Ana Júlia: O movimento estudantil nos trouxe um conhecimento muito maior sobre política e cidadania do que durante todo o tempo em que ficamos sentados e enfileirados em aulas padrões. Apesar de toda essa ridicularização, essa desmoralização. Apesar de sermos ofendidos. Apesar dos problemas que vamos enfrentar, a gente ainda consegue ter a presença da felicidade, porque nós deixamos de ser meros adolescente e nos tornamos cidadãos comprometidos com o desenvolvimento da educação.”

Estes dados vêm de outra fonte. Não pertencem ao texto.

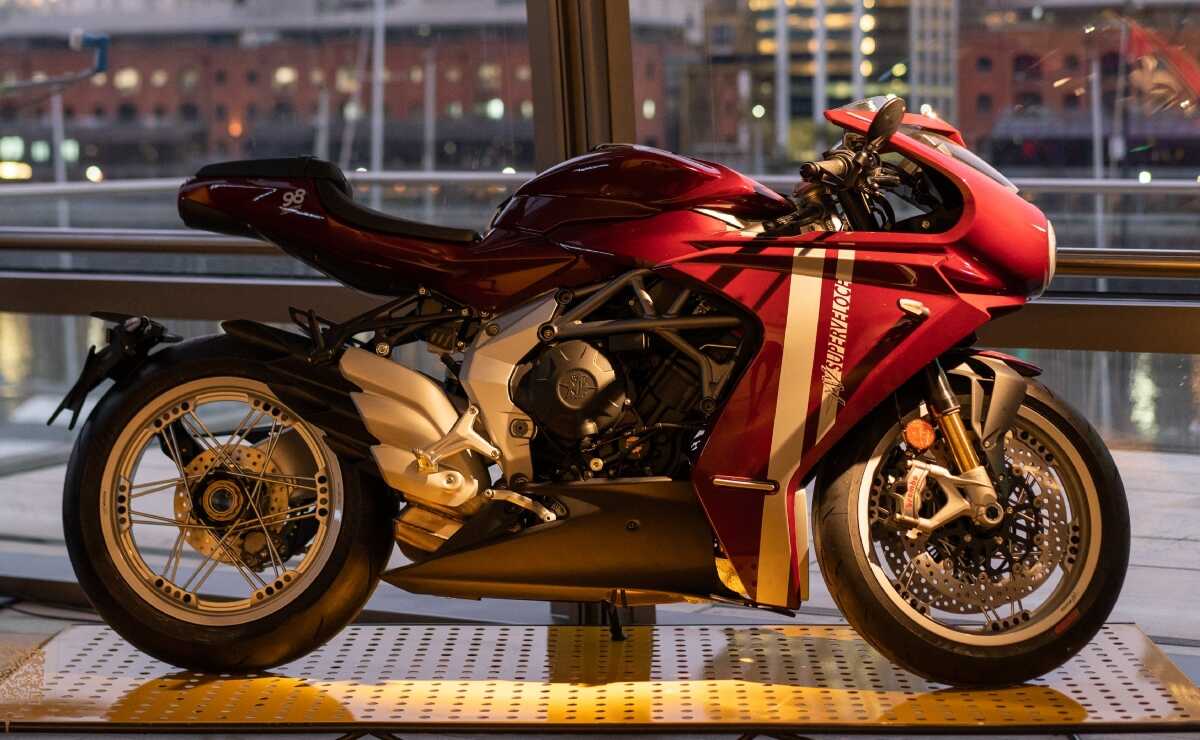 MV Agusta Superveloce 98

Não bastou usar a morte de um estudante para tentar deslegitimar o protestos dos estudantes. Garcia deu um jeitinho também de usar o falecimento de Carlos Alberto Torres como escada para enaltecer a ditadura militar – da qual participou entusiasticamente, sempre muito próximo dos ditadores. Aproveitou também para enaltecer o “crescimento chinês” da Belíndia durante o regime militar e chamar de terrorista quem lutou contra o regime assassino, como fez a estudante Dilma. O colunista vai além e se vangloria de ter apoiado a ditadura quando estudante ao carregar em seu carro o lema “Brasil, ame-o ou deixe-o”. A Globo já pediu desculpas por ter apoiado a ditadura, mas ainda conta com funcionários que insistem em dourar esse trágico período do país.

Enquanto nosso futuro não engole a Ponte para o Futuro, nosso passado está louco para reviver 64. Mas Ana Júlia e sua geração não estão para brincadeira. Estão para a luta!